# juicy fruit strain



## redrider (Oct 21, 2008)

Good day to everyone. 
has anyone heard about this strain? is it good?
im specially interested from the quantity of yield point of view.
in the site of the seller they say that it can get up to 750gr per plant is it even possible?


----------



## THE BROTHER'S GRUNT (Oct 21, 2008)

*We smoked some grown outdoors before and yes it's some good smoke.
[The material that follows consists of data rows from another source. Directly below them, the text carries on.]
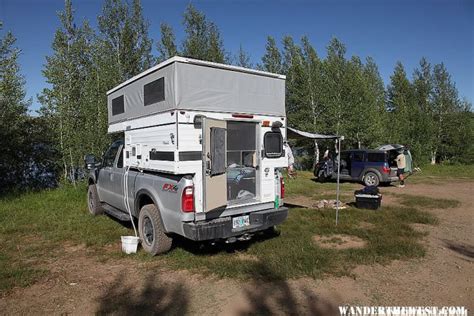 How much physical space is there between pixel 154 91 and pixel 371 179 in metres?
12.2

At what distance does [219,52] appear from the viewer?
23.5 meters

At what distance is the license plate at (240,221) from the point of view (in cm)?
527

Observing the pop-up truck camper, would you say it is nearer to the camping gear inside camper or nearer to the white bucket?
the white bucket

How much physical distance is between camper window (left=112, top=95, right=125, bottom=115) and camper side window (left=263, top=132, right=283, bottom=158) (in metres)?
2.92

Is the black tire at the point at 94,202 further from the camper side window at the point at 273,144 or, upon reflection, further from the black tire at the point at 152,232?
the camper side window at the point at 273,144

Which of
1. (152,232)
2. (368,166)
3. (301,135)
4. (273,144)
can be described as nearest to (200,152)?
(273,144)

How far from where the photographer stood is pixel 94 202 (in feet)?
27.6

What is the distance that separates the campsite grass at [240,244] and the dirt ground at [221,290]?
0.76 feet

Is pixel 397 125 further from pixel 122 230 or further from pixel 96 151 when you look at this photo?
pixel 122 230

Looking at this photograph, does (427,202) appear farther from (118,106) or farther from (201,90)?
(118,106)

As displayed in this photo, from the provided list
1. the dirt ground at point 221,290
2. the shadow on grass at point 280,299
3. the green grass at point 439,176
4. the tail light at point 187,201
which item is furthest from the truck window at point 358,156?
the tail light at point 187,201

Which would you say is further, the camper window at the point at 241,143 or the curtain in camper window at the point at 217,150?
the camper window at the point at 241,143

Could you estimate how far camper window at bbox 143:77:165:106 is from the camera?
5.17 metres

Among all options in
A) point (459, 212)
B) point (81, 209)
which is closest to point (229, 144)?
point (81, 209) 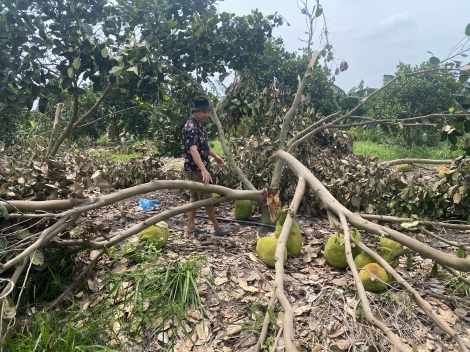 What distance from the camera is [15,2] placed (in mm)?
3564

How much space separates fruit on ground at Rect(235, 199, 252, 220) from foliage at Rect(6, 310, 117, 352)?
2.13 m

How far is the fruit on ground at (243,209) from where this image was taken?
4109 millimetres

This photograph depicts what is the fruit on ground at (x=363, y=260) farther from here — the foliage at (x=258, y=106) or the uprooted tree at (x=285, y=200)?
the foliage at (x=258, y=106)

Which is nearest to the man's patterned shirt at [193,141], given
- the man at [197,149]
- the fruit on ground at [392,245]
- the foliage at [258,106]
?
the man at [197,149]

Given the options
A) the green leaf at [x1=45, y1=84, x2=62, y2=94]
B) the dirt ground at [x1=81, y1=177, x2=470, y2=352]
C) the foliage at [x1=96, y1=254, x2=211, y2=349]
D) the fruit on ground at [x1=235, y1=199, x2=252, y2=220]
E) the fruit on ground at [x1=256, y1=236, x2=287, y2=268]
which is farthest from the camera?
the fruit on ground at [x1=235, y1=199, x2=252, y2=220]

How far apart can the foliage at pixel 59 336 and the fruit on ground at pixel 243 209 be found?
6.98 feet

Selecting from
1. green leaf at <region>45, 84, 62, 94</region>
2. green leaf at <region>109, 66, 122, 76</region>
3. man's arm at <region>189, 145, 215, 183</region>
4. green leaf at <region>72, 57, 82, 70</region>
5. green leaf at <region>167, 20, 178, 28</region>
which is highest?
green leaf at <region>167, 20, 178, 28</region>

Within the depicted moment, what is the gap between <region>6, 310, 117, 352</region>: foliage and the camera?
1.97 metres

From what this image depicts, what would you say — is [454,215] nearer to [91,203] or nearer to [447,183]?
[447,183]

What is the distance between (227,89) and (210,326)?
3.68m

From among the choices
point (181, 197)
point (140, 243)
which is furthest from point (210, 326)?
point (181, 197)

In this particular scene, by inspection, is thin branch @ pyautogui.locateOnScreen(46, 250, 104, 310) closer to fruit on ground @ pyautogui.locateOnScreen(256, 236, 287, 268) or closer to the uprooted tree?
the uprooted tree

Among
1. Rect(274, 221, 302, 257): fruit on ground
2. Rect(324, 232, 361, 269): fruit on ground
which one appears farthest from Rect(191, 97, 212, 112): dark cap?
Rect(324, 232, 361, 269): fruit on ground

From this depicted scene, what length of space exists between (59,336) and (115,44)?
319 cm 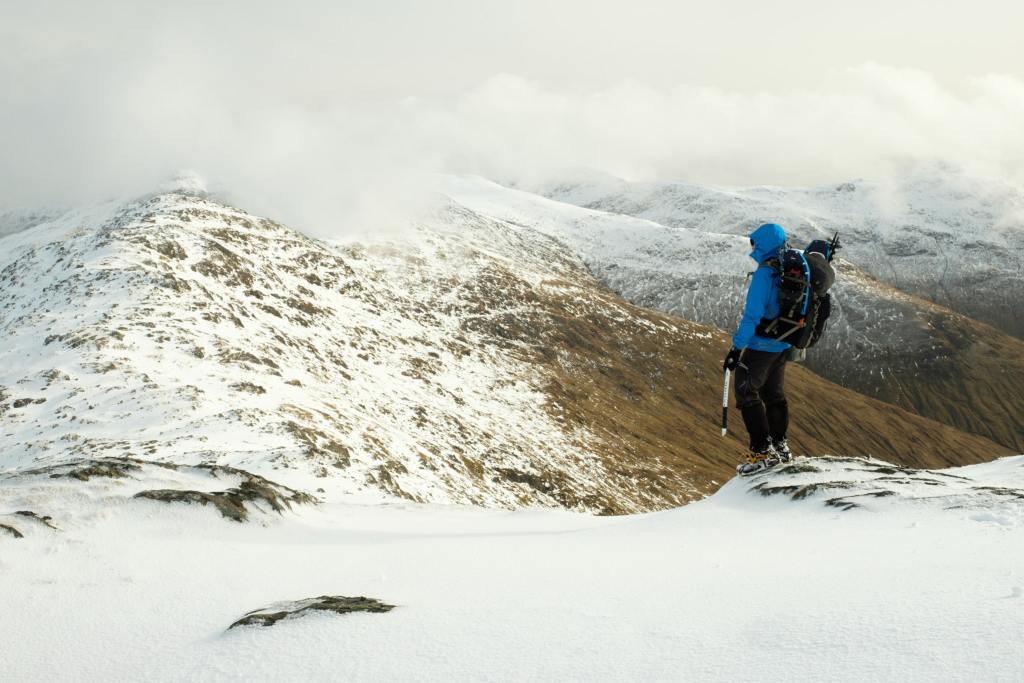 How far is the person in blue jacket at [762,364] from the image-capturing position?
9.66 metres

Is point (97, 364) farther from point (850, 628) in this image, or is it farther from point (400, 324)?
point (400, 324)

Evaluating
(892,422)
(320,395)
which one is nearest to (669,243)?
(892,422)

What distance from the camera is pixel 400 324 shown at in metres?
76.8

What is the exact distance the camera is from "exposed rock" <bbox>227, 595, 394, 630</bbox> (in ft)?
13.5

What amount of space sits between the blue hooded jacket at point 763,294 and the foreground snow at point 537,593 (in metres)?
2.57

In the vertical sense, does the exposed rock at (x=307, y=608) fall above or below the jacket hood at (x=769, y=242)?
below

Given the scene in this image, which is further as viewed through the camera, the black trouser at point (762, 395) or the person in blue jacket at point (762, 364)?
the black trouser at point (762, 395)

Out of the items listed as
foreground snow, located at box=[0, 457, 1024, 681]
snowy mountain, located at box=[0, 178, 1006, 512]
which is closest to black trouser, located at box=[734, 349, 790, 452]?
foreground snow, located at box=[0, 457, 1024, 681]

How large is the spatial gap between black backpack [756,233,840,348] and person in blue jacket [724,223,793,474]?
0.33 feet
As far as yields go i'm not sure but with the right conditions i'm sure you could get that from one plant. *


----------



## benevolence6gc (Oct 21, 2008)

Very good smoke but can't comment on anything else.


----------



## redrider (Oct 22, 2008)

hrrrm ok. what kind of equipment should i purchase if i want to grow indoors.
i want to grow 4 plants and i can afford a special room for them.
what kind of light is most suggested? do i need more then one bulb? is 400W enough or i better buy somthing bigger? any suggestion will help


----------



## Disco94 (Oct 22, 2008)

redrider said:
			
		

> hrrrm ok. what kind of equipment should i purchase if i want to grow indoors.
> i want to grow 4 plants and i can afford a special room for them.
> what kind of light is most suggested? do i need more then one bulb? is 400W enough or i better buy somthing bigger? any suggestion will help



If you can afford a decked-out extra room then GO BIG!   For people like me I just have to stick with growing under the bed...


----------



## Disco94 (Dec 15, 2008)

Know its a little old but I am smoking on some Juicy Fruit from CO right now.  It has the funkiest smell, kinda like a lemon disinfectant.  But man is it a greatly balanced high.  It's keep me up to study for finals


----------